Quando a música navega na cabeça como um barco naufragado.

quinta-feira, 5 de novembro de 2009

ÀS VEZES É BOM DESCER À TERRA

"LXXI
Quanto mais o homem cultiva as artes, menos se entesa.
Cria-se um divórcio mais sensível entre o espírito e o bruto.
Apenas o bruto se entesa bem e a fornicação é o lirismo
do povo.
Fornicar é aspirar a entrar num outro, e o artista nunca sai de
si próprio.
Esqueci-me do nome daquela porca... Ah! bah! Hei-de reencontrá-lo
no dia do juízo final
A música dá a ideia do espaço.
Todas as artes, mais ou menos; pois elas são número e o número é uma
tradução do espaço.
Querer todos os dias ser o maior dos homens!"

in O Meu Coração a Nu, Charles Baudelaire, Guimarães Editores, 1988

terça-feira, 3 de novembro de 2009

ILFORD

Ontem descobri na minha carteira um papel velho, misturado com cartões, pedaços de identidade, algumas fotografias deformadas na bordadura de renda.
O papel dizia qualquer coisa imperceptível, transportada dum tempo incerto: pela primeira vez pensei ser o tempo certo para escrever as memórias.
Voltei a colocar o papel amarrotado no separador da carteira.
Pensei: uma fotografia a preto e branco pode levar-nos intimamente a uma labareda da alma esquecida.
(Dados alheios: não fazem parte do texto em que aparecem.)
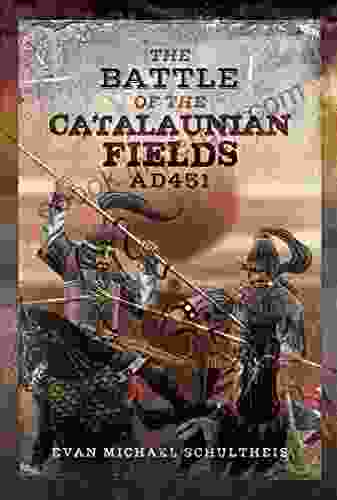 The Battle Of The Catalaunian Fields AD 451: Flavius Aetius Attila The Hun And The Transformation Of Gaul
quinta-feira, 29 de outubro de 2009

TÚNEL DE VÔO

Hoje entrou-me um pombo
na alma.
Atravessou-me o portal
dos olhos.
(em forma de abóbada
de berço)
Os cães, ao sentir tal ser esvoaçante,
anicharam o seu corpo quente
nas omaplatas.
Através desse portal avisto
o universo inteiro:

montanhas de lixo

rios com portagem

poços de chuva

gente veloz

caixas de papel

corpos de sombra

A felicidade deve ter-me visitado,
em forma de pássaro.

quarta-feira, 16 de setembro de 2009

RUA OBLÍQUA

Desci a rua, fui a um bar: Marula. Ou talvez não fosse um bar. O balcão era em forma de barco e os clientes atiravam setas uns aos outros, até acertar no alvo. Bebi um copo de fogo e a minha alma ardeu momentaneamente, ou talvez as labaredas fossem mais prolongadas. No fundo do balcão uma jovem loura enverga um vestido de xadrez. Podia dar-lhe xeque-mate em dois lances. De seguida entrou um homem calvo, decidido. Calvo e decidido a beijá-la na boca do meu fogo. Ela pareceu-me não jogar bem e as mãos do homem embrutecido movimentavam-se no tabuleiro macio, de encontro ao balcão. A perna dele pressionava-a de encontro ao balcão e eu bebo mais um cálice de fogo.
As horas passam, mas estou lá há menos de vinte minutos. Os dardos cruzam-se à minha frente em trajectórias oblíquas, desafiando as bolas de fogo lançadas no hálito das bocas. Um dente de ouro reluz de encontro à lingua da loira. A bola de fogo torna-se incontrolável e o barman afunda-se um pouco mais no seu barco. Senta-se e fuma um cigarro. O alvo anuncia-se vitorioso e eu volto a casa atravessando as ruas estreitas, de luzes amareladas. Talvez vá dormir um pouco: ou cobrir.